Or just grumbling about it and packing for school.

By the way, how can I be expected to pack lightly enough to move everything down in my dad's Chevy Malibu???

Me.

I could fill the van if I really put my mind to it. And, yeah, some of the bigger things are down there already, but I keep thinking ... I will have my trunk, one box with lamps and electrical supplies and random cleaning stuffs, a box/trash bag full of clothes and shoes, a couple armloads of closet clothing, a tote bag full of underwears, a plastic crate of books, two shoulder bags (one with music supplies on with my laptop), a printer, a carrying-thing full of dishes and cookware ... and that's probably a car-full.

Then I think ... and it's really a last minute thought ...

Where the fuck do I put the cello?

Meh.

Confrontation needs to happen - not to mend anything that might be going on between mum and pop, but to carve out a deal where we can take the van. My mother may not mind, but I don't want my dad to have to go out of his way to make two trips to Athens. Maybe I could squeeze it all into the Malibu, but thinking about it ... I don't even want to try.

Enough bitching.

Quote time:

"Daisy looked up at him with the kind of expression that Jesus might have given someone who had just explained that he was probably allergic to bread and fishes, so could He possibly do him a quick chicken salad: there was pity in that expression, along with almost infinite compassion."

I finished my book.

 


Wednesday, August 23, 2006

I've been looking through a lot of my old notebooks ... mostly from freshman year. So many pages from those have gone unused and I really don't need to spend more money on school supplies. Anyway ... point is, I found ways to use the back of most of my notebooks as random journals throughout the year. One of them said something interesting:

"I just wish I didn't have to be so different. So thoughtful. So passionate. So ... open to what music has to offer. I just ... sometimes wish I weren't so affected. That I were ... normal.

But what of that high that comes with performance? I try to think of this simpler life and just ... see nothing but more boredom and repetition. I see nothing. I've never felt very attached to music - but somehow, I cannot imagine a life without it."

And then the line that I've written more places than just this one:

"It's not that I can't do anything else - I don't want to do anything else."

So much of that still holds true ... not ever feeling very attached to music, but drawn to it at the same time. It's like there is something that I have yet to understand, something I still want to do. I'm making the right decision in finishing my degree and know for certain, if only in the back of my mind, that is isn't going to be as torturous as I'm imagining it to be.

In other news:

I am reading Anansi Boys by Neil Gaiman.

And I've book marked several pages on which I found good quotes.

"'I won't live forever,' sniffed her mother, in a way that implied that she had every intention of living forever, getting harder and thinner and more stonelike as she went, and eating less and less, until she would be able to live on nothing more than air and wax fruit and spite."

"Fat Charlie shrugged, in a way that, he hoped, indicated that he contained within him depths of crap as yet unplumbed."

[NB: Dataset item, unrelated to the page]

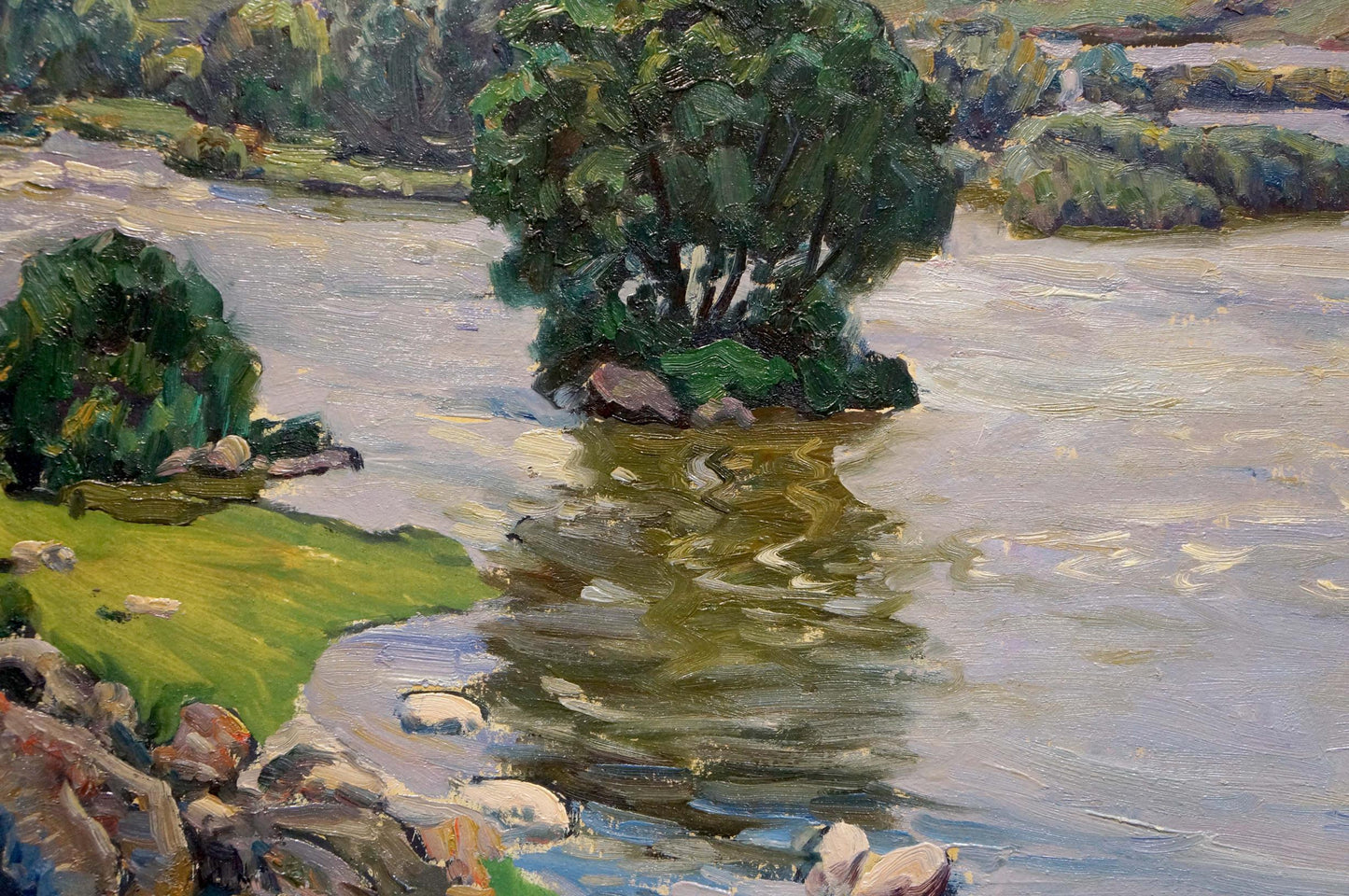 Oil painting by Anatoly Fomin: lush tree in flowing river reflection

"Fat Charlie was thirsty. Fat Charlie was thirsty and his head hurt. Fat Charlie was thirsty and his head hurt and his mouth tasted evil and his eyes were too tight in his head and all his teeth twinged and his stomach burned and his back was aching in a way that started around his knees and went up to his forehead and his brains had been removed and replaced with cotton balls and needles and pins which was why it hurt to try and think, and his eyes were not just too tight in his head but they must have rolled out in the night and been reattached with roofing nails; and now he noticed that anything louder than the gentle Brownian motion of air molecules drifting softly past each other was above his pain threshold. Also, he wished he were dead."

"Soon enough it would be time to exchange a life of milking hard-to-please celebrities for a life of sunshine, swimming pools, fine meals, good wines, and, if possible, enormous quantities of oral sex."

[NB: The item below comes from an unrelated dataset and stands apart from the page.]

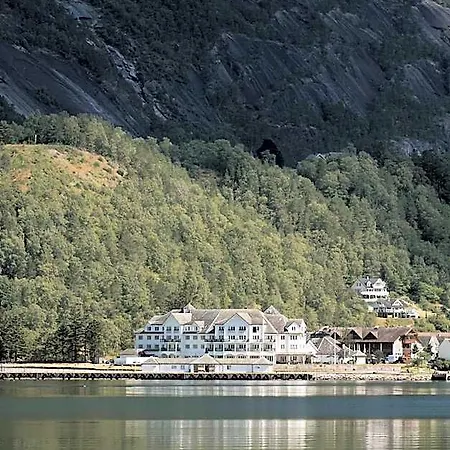 Voringfoss Hotel
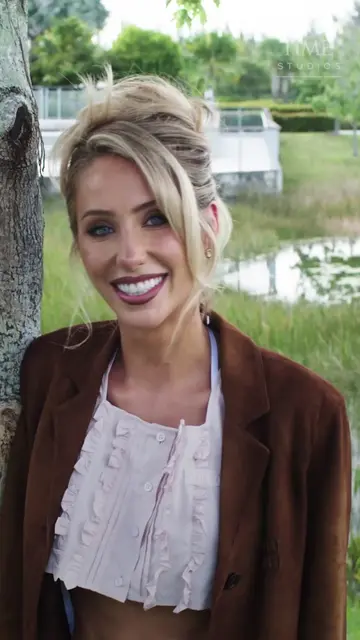 We pitched some quickfire questions to @Alix Earle—touching on how to perfect a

"'Mister Nancy,' she said, 'you are under arrest. You have the right -'

Fat Charlie turned back to the interior of the house. 'Bastard!' he shouted up the stairs. 'Bastard bastard bastarding bastardy bastard!'"

"Nothing happened. Nothing continued to happen. More Nothing. The Return of Nothing. Son of Nothing. Nothing Rides Again. Nothing and Abbott and Costello meet the Wolfman ..."

"'Christ on a bike,' said the policeman, and he ushered Fat Charlie back into the cellblock without saying another word."

So ... um ... yeah.

How do you transition from talking about humorous quotes from the book you are reading to your father moving out of the house and your parents starting down the road of separation?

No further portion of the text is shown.